(Pictures with short captions)
-----

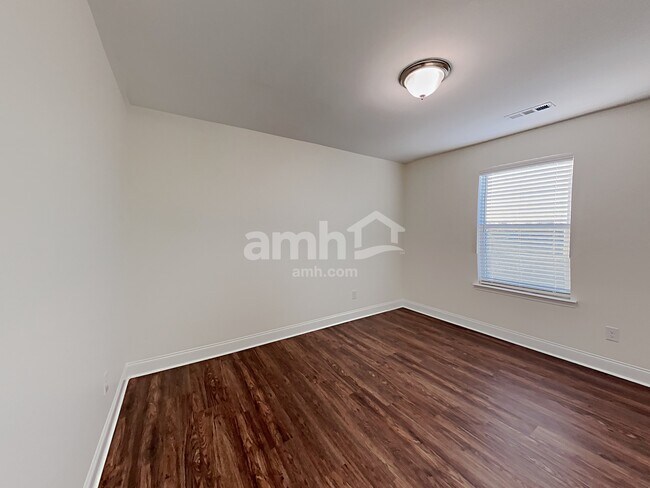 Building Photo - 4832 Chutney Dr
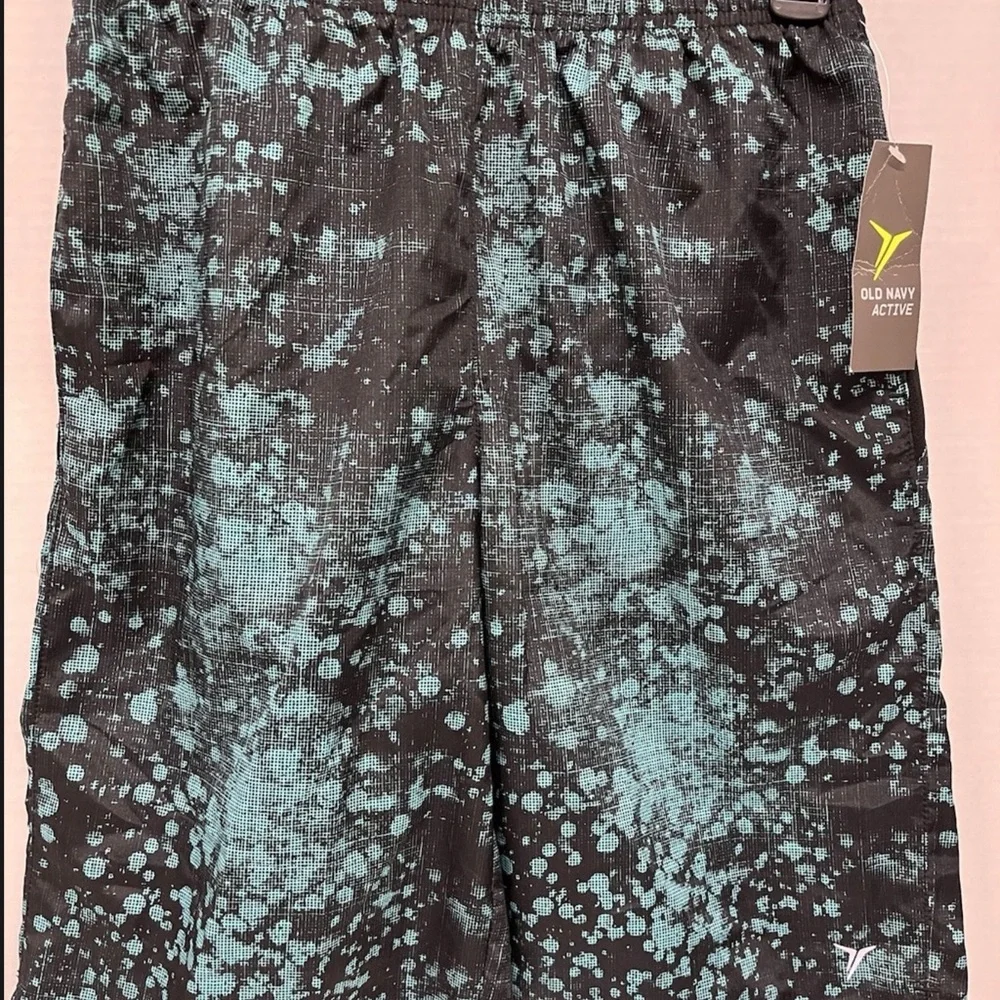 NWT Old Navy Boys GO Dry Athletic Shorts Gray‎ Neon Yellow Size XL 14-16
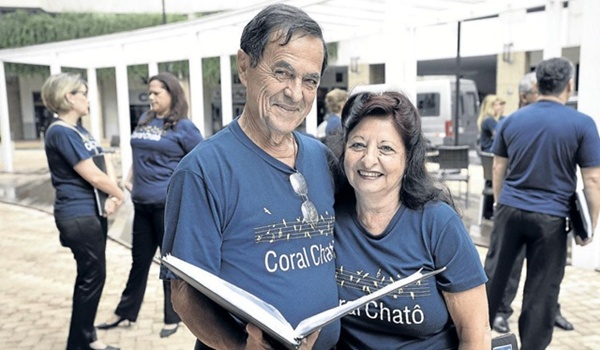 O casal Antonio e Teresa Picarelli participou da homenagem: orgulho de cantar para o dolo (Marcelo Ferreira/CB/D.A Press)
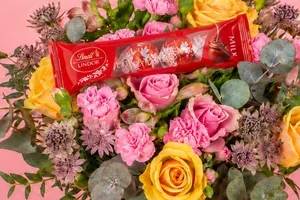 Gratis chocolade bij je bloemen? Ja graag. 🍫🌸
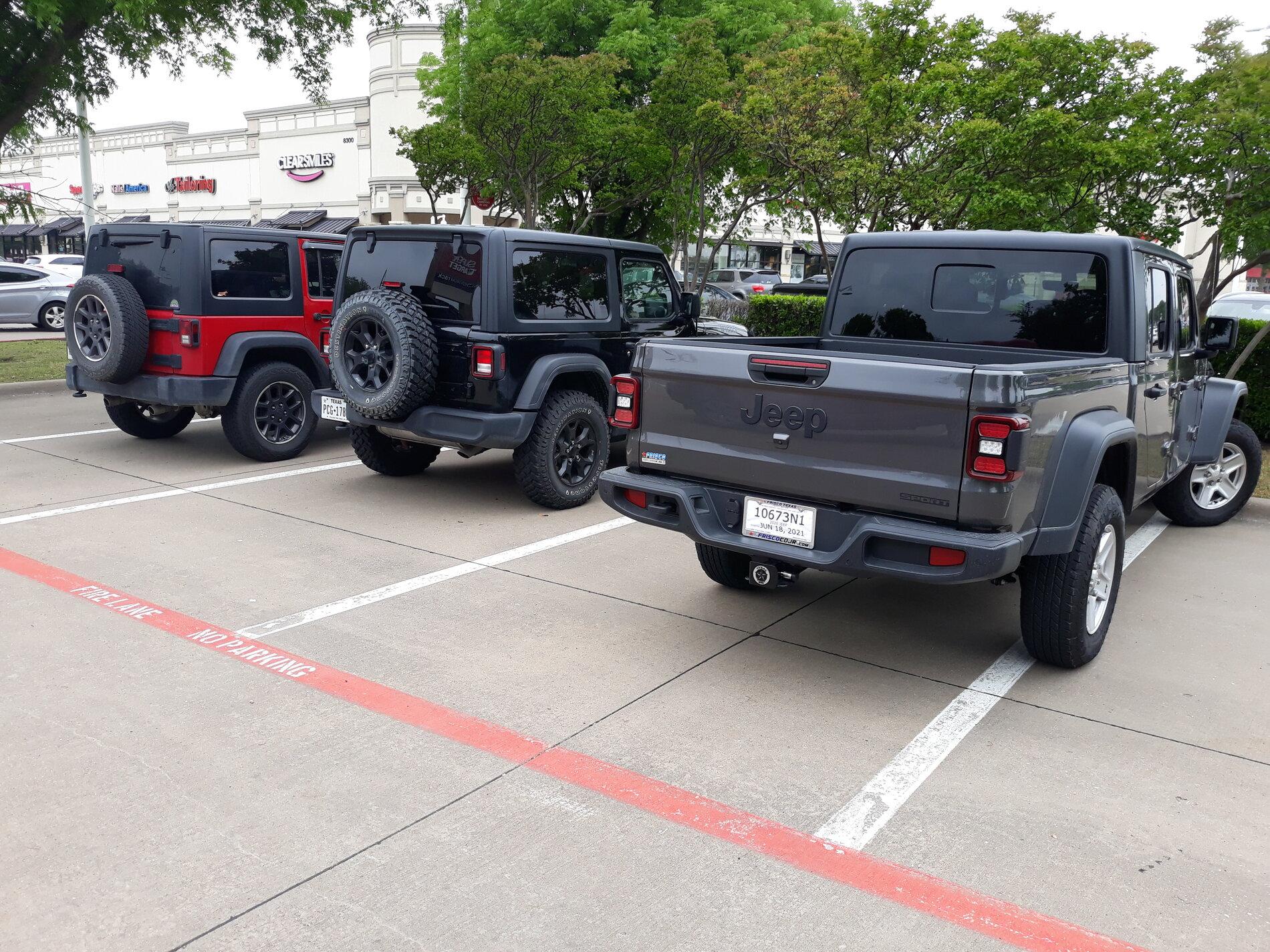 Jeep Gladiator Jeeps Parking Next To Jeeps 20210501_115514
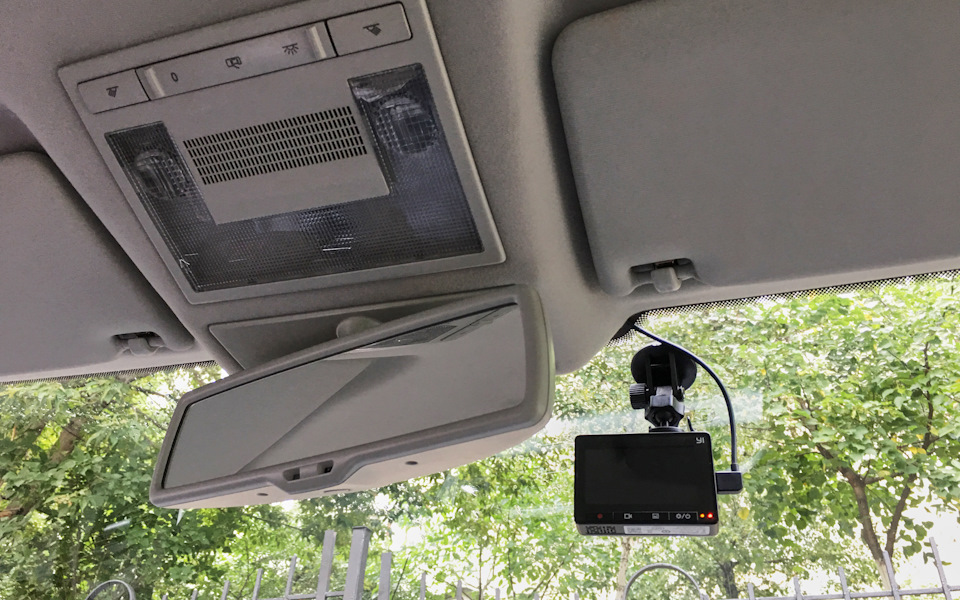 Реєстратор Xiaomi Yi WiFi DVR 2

-----

# Work item
The entries above are to be repeated exactly, except for any pictures.

# Answer to this problem
 Building Photo - 4832 Chutney Dr
 NWT Old Navy Boys GO Dry Athletic Shorts Gray‎ Neon Yellow Size XL 14-16
 O casal Antonio e Teresa Picarelli participou da homenagem: orgulho de cantar para o dolo (Marcelo Ferreira/CB/D.A Press)
 Gratis chocolade bij je bloemen? Ja graag. 🍫🌸
 Jeep Gladiator Jeeps Parking Next To Jeeps 20210501_115514
 Реєстратор Xiaomi Yi WiFi DVR 2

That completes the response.